Creative Blueprint, a gallery and artist work space concept with Canadian roots, is making plans to open its doors to the Capitol Hill creative class in a 5,000 square-foot subterranean space on Boylston Ave just around the corner from Pine.
“It’s an expansion of the vision and the project,” Creative Blueprint’s Ashley Proctor tells CHS.
The affordable and flexible studio spaces will be operated in conjunction with Capitol Hill coworking concern Office Nomads which in 2012 doubled its size by taking over both the ground and second level of the old Heath Printers building above Creative Blueprint’s new basement space.
CHS is a longtime Office Nomads member.
Proctor says she started Creative Blueprint in Toronto nearly a decade ago to solve a problem familiar to many Capitol Hill artists finding it increasingly difficult to find affordable work space.
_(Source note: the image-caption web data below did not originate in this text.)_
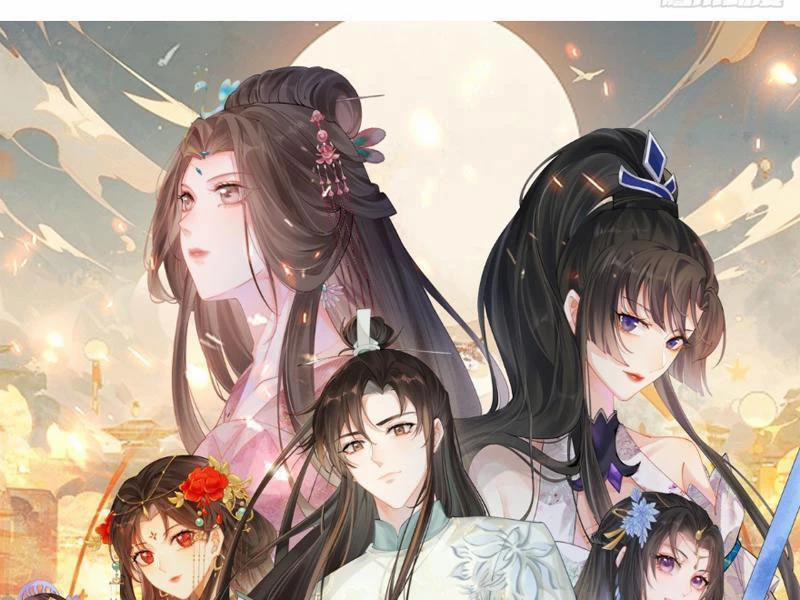 Công Tử Biệt Tú! 118 trang 4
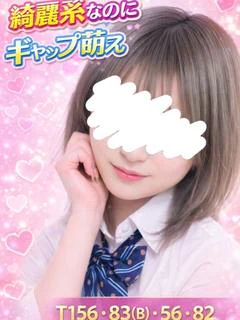 せいら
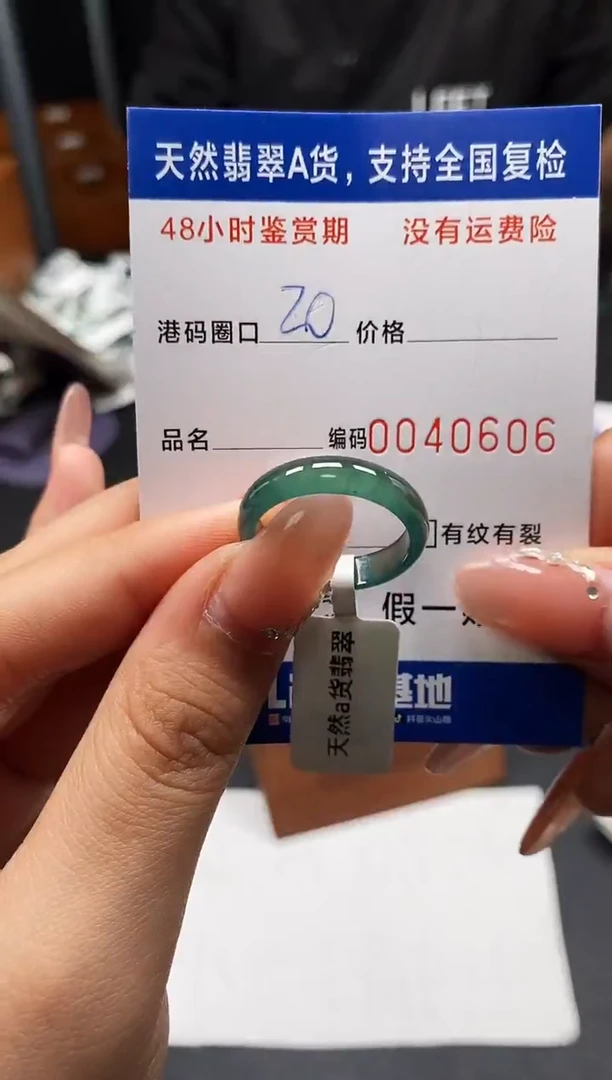 未镶嵌戒指翡翠天然A货翡翠0606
Proctor says that in Toronto she started the original Creative Blueprint in an affordable area of the city only to see that area develop and rents push higher. Creative Blueprint moved, then, gain, development came. It’s a cycle Proctor said happened quickly enough in Toronto that she was able to learn how to deal with it. Eventually, she said, she was able to purchase the building where Creative Blueprint now lives. Her Toronto operation in The Foundery building also includes a coworking business that she also operates.
In Seattle, Proctor is working with Office Nomads founders Jacob Sayles and Susan Dorsch.
“It seems so easy to run one company instead of two,” she said.
Proctor tells CHS that the success of Office Nomads helped convince the building’s owners that a shared art space was a viable tenant for their investment. Proctor said that having the support of the new Capitol Hill Arts District was also key as Cultural Space Liaison Matthew Richter wrote a letter to the building owners on Creative Blueprint’s behalf.
As she works this summer to open the new space, Proctor is also meeting with artists and coworkers to find out more about the needs of the Capitol Hill community.
Proctor said that it doesn’t necessarily require artists owning a building to preserve and protect art space in a neighborhood.
“Making sure that property owners and landlords understand the value can also work,” she said.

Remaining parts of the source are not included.